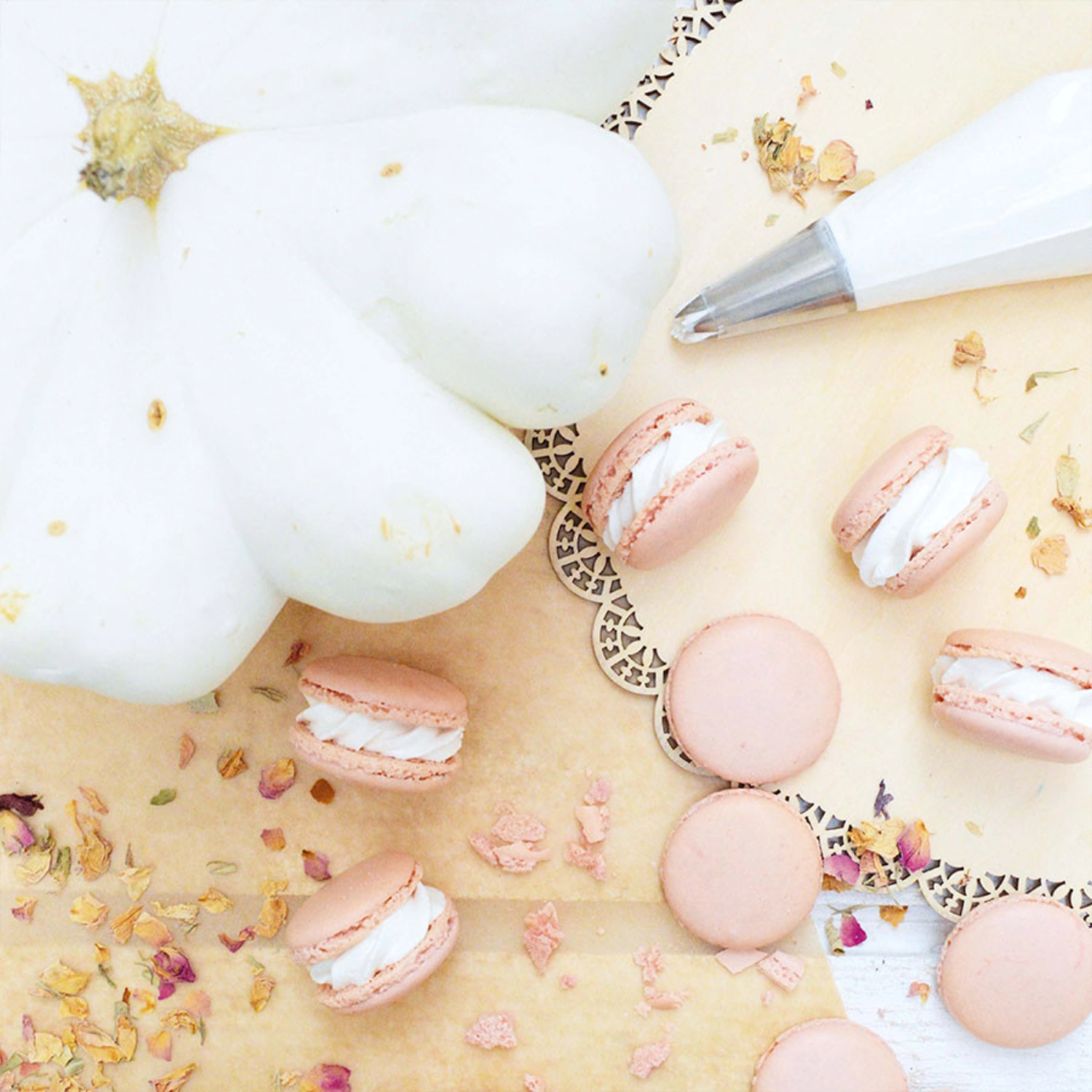 Set de 3 douilles en acier inoxydable macarons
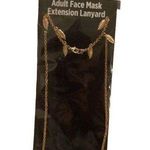 NWT Adult Mask Chain Lanyard Leaves Floral Fall Faux Gold Classy Everyday Photo 0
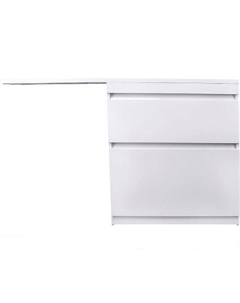 Тумба под раковину Даллас 150 СС-00002303 Белый глянец Style line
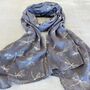 Silver Metallic Dragonfly Scarf, thumbnail 2 of 6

- **What is being asked**: In the data, the line that contains "Тумба под раковину" begins the part to write out; restate it and each line after it word for word through the end, with no pictures.

- **Output for this exercise**:
 Тумба под раковину Даллас 150 СС-00002303 Белый глянец Style line
 Silver Metallic Dragonfly Scarf, thumbnail 2 of 6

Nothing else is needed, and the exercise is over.